/usr/share/doc/rest2web/html/reference/encodings.txt

restindex
    crumb: Encodings
    page-description:
        How to handle different character encodings in **rest2web**.
    /description
/restindex

================
 Text Encodings
================

-------------------------
 Encodings with rest2web
-------------------------

.. contents::

Fun With Encodings
==================

{emo;dove} **rest2web** handles text encodings in ways that are hopefully sensible and simple. 

Whenever you are dealing with text you **should** *know and specify the encoding used* [#]_. If you disagree with me (or haven't a clue what I'm on about), read `The Minimum Every Developer Must Know About Unicode`_, by Joel Spolsky. 

**rest2web** allows you to specify what encodings your content is (source files) and what encoding to write the output as. In order to achieve this, **rest2web** is almost entirely ``Unicode`` internally.

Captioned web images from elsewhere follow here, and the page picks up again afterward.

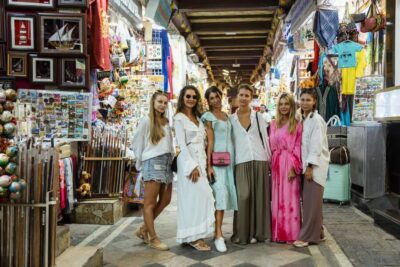 Guided Walking Tour of Corniche, Souq & Mutrah Fort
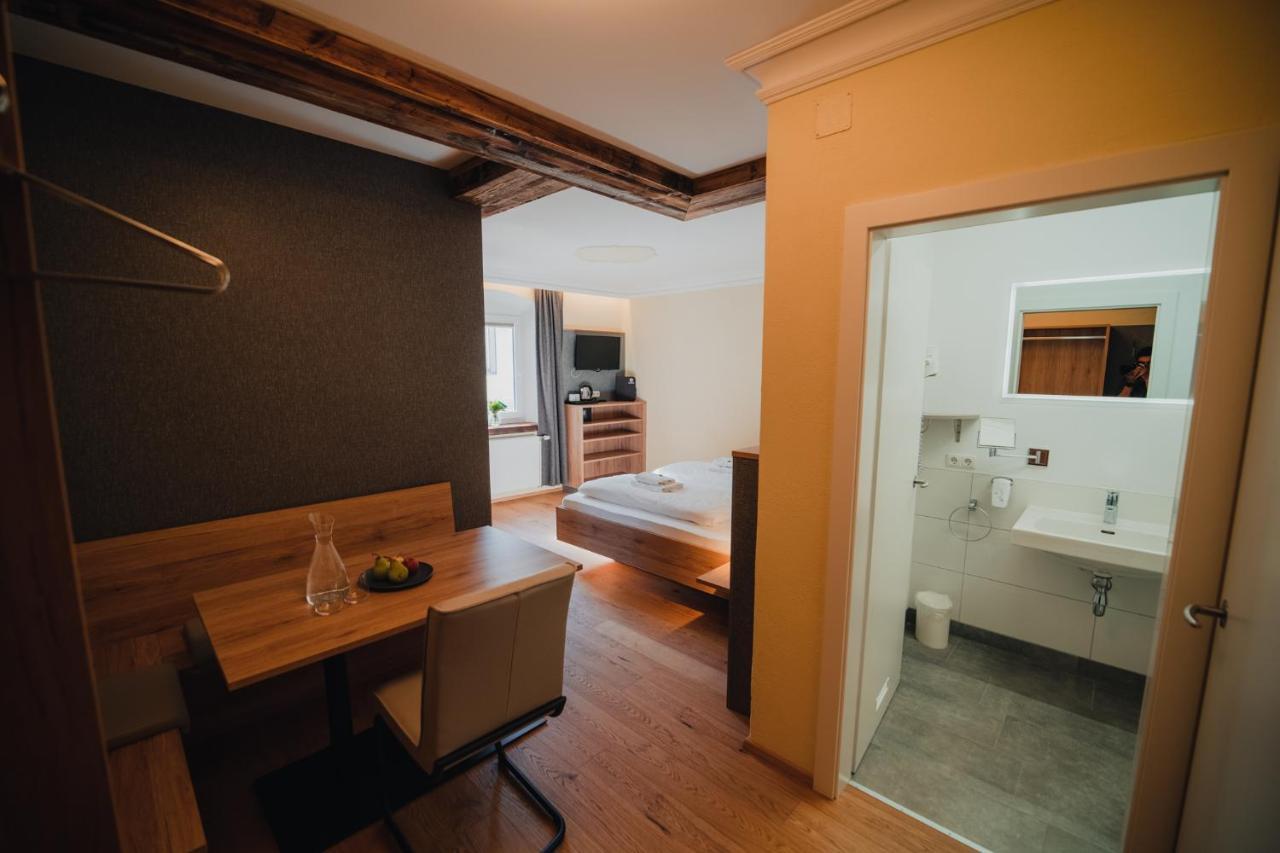 Hotel Restaurant Das Roessl 윈디슈가르스텐 외부 사진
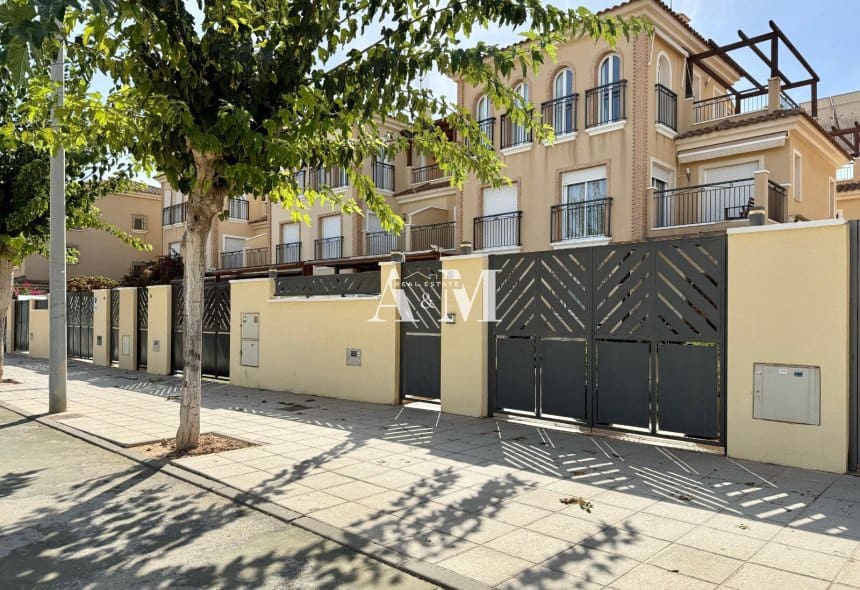 4 Zimmer Villa zu vermieten in Torre de la Horadada mit Pool - 2.300 € (Ref: 10095437)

If all of this is gobbledygook, then don't worry **rest2web** will guess what encoding your files are, and write them out using the same encoding. If you're not 'encoding aware', this is usually going to be what you want.


Summary
=======

In a nutshell you use **'encoding'** to specify the encoding of a contents, file **'template-encoding'** to specify the encoding of your templates, and **'output-encoding'** to specify the encoding the file should be saved with. 'output-encoding' used in an 'index file' sets the output encoding for all the files in that directory and below.


Input Encodings
===============

As usual, the way we handle encodings is through the restindex_. 

The first thing we can specify is the encoding of a page of content. We do this with the ``encoding`` keyword. If this keyword is set for a file [#]_, it is used to read and decode the file. If no encoding is specified, **rest2web** will attempt to guess the encoding. It tries a few standard encodings *and* retrieves information from the *locale* [#]_ about the standard encoding for the system. If the page is successfully decoded then it stores the encoding used [#]_, otherwise an error is raised.

From this point on the page content is stores as Unicode inside **rest2web**.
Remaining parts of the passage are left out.